By convention, parts are arranged within specific folders inside the package. Most Word 2007 packages store the file document.xml inside a /word folder, for example, and embedded images inside the sub-folder /word/media. However, as our ‘Hello world’ document demonstrates, this needn’t be the case as here document.xml is to be found in the root of the package. Indeed the only folder that must be present is the /_rels folder that holds the top-level relationship part ‘.rels’.

So applications cannot rely on the internal file structure of the package to discover the location of the various parts. Instead they should use the relationship parts for this purpose, starting with /_rels/.rels. In our ‘Hello world’ example this defines just one relationship, identified as ‘rId1’, which tells us that document.xml is in the root directory and conforms to the ‘officeDocument’ schema.

For ‘Hello world’ that is the end of the story: we have found the one and only part that defines the content of the package, and we know that the content is stored in WordprocessingML. In more complex packages, such as that shown in Figure 1, we can see that the /word folder also contains a /_rels folder which contains another relationship part, namely document.xml.rels. This contains further relationships that target the remaining parts of the package. The relationship identified as ‘rId6’, for example, targets the embedded image /media/image1.jpeg.

This may seem a complicated way of doing things but it does offer a number of advantages. For a start it means that consumer applications can discover parts and the relationship between parts without having to interpret application-level schema. It also means that relationships can be established and modified without having to touch the actual content of the document.

For example, the relationship schema also supports a TargetMode attribute, which by default is set to ‘Internal’ to indicate that the target is internal to the package. However it can also be set to ‘External’ where the target is not part of the package. The following, for instance, defines relationship rId9 which targets a particular page on the DNJ Online Web site:

<Relationship Id=”rId9”
   Type=”http://schemas.openxmlformats.org/
         officeDocument/2006/relationships/hyperlink”
       Target=”http://dnjonline.com/article.aspx?ID=jul06_atlas”
       TargetMode=”External” />

The content of the document, stored within document.xml, might include the following line:

<w:hyperlink r:id=”rId9” w:history=”1”>

Without going into the complexities of WordprocessingML, this specifies a hyperlink whose target is defined by the relationship rId9. In the document it would appear as a link to the specified article. However the target for this link could be changed without making any changes to document.xml, simply by changing the relevant Target attribute within the relationship part.
     To take another example, the following SpreadsheetML defines a workbook containing a single worksheet:

<workbook>
   <sheets>
   <sheet name=”Sheet1” sheetId=”1” r:id=”rId1”/>
   </sheets>
</workbook>

Which worksheet it contains is determine by the relationship rId1. Again, this can be changed by editing the appropriate relationship, without having to go into the SpreadsheetML itself.
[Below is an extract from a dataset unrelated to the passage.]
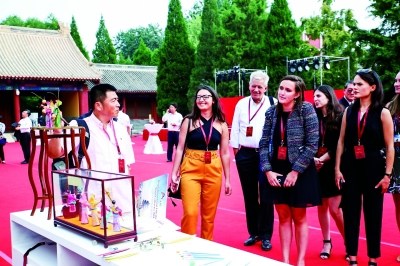  海外旅行商體驗北京非遺手工藝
Furthermore, as we shall see in our next article, the Packaging API that comes with .NET includes methods that make the process of creating, walking through and editing relationship parts fairly straightforward.

Markup languages

The Open XML specification defines three primary markup languages which target each of the document editors in Office 2007. These are WordprocessingML, SpreadsheetML and PresentationML which first appeared with Office 2003. Each is based on XML, as you can see from the small snippet exhibited in the document.xml part of our ‘Hello world’ document.

The structure of these languages is fairly straightforward although their definition does take up the bulk of the 6,000 pages of the full Open XML specification. This is because they are intended to support the full feature set of all versions of Word, Excel and PowerPoint going back to Office 2000, enabling documents created with any of these applications to be faithfully captured.
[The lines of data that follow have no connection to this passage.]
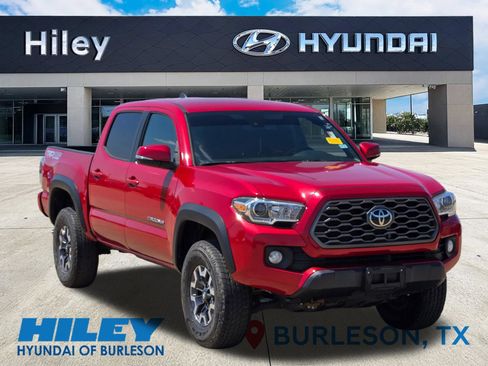 Used 2021 Toyota Tacoma TRD Off-Road AWD/4WD image 2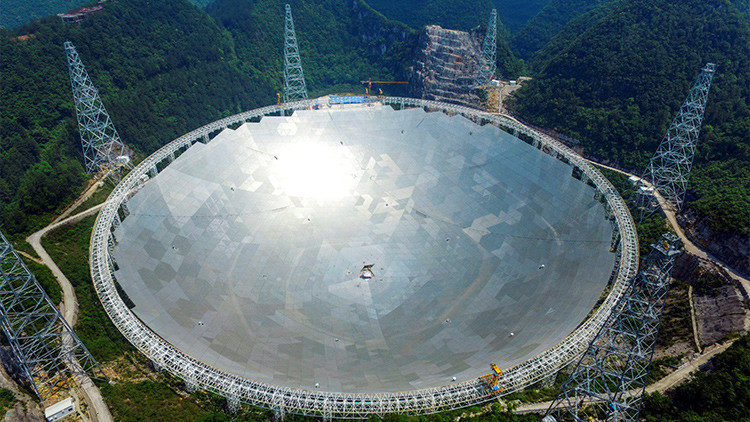 China estrena el mayor radiotelescopio del planeta del tama&ntilde;o de unos 30 campos de f&uacute;tbol: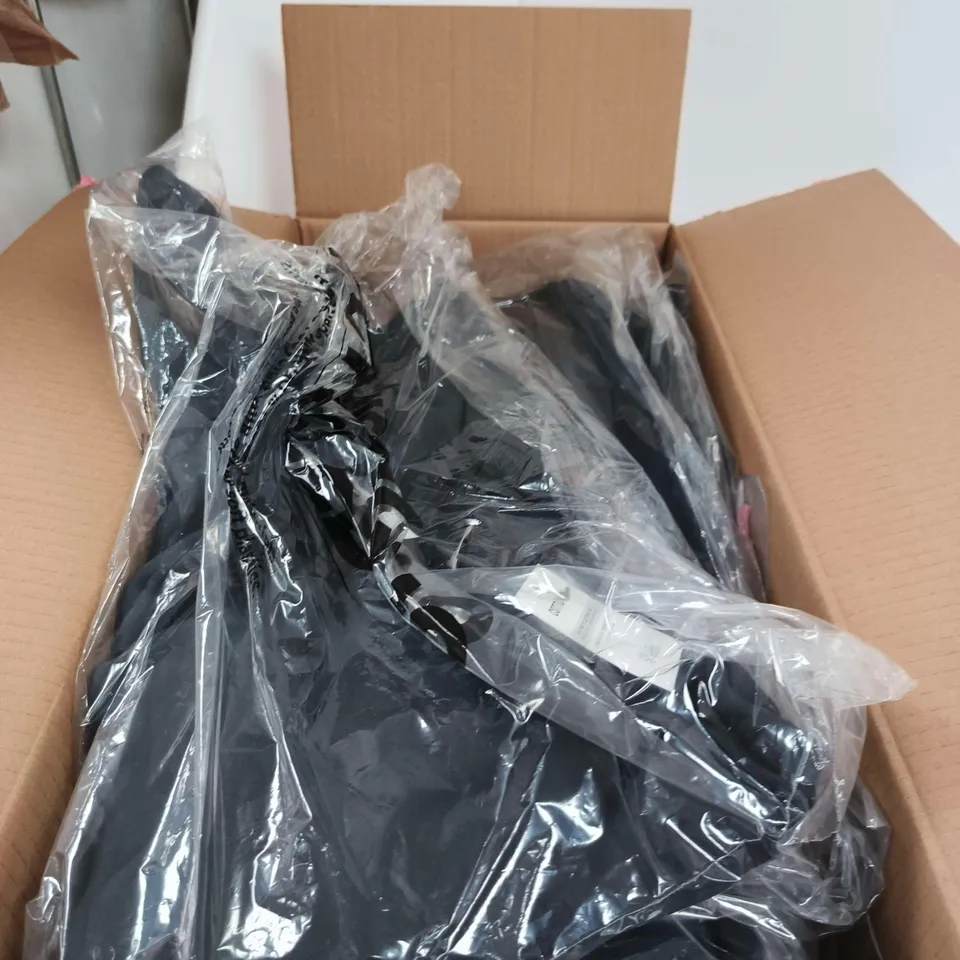 BOX OF APPROXIMATELY 22 ASSORTED CLOTHING ITEMS TO INCLUDE CROPPED FIT LONG SLEEVE, CROPPED FLEECE SWEATSHIRT ETC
In the case of WordprocessingML, the root is the ‘document’ element which contains a ‘body’ element. This in turn can contain a number of ‘p’ (paragraph) elements which can contain multiple ‘r’ (run) elements. A run is a group of characters that have identical properties and so require no additional markup. Runs would in turn contain ‘t’ (text) elements and there are also ‘rPr’ (run property) and ‘pPr’ (paragraph property) elements for defining the format of these elements, and so forth. Footnotes, headers and footers are stored in separate parts within the package.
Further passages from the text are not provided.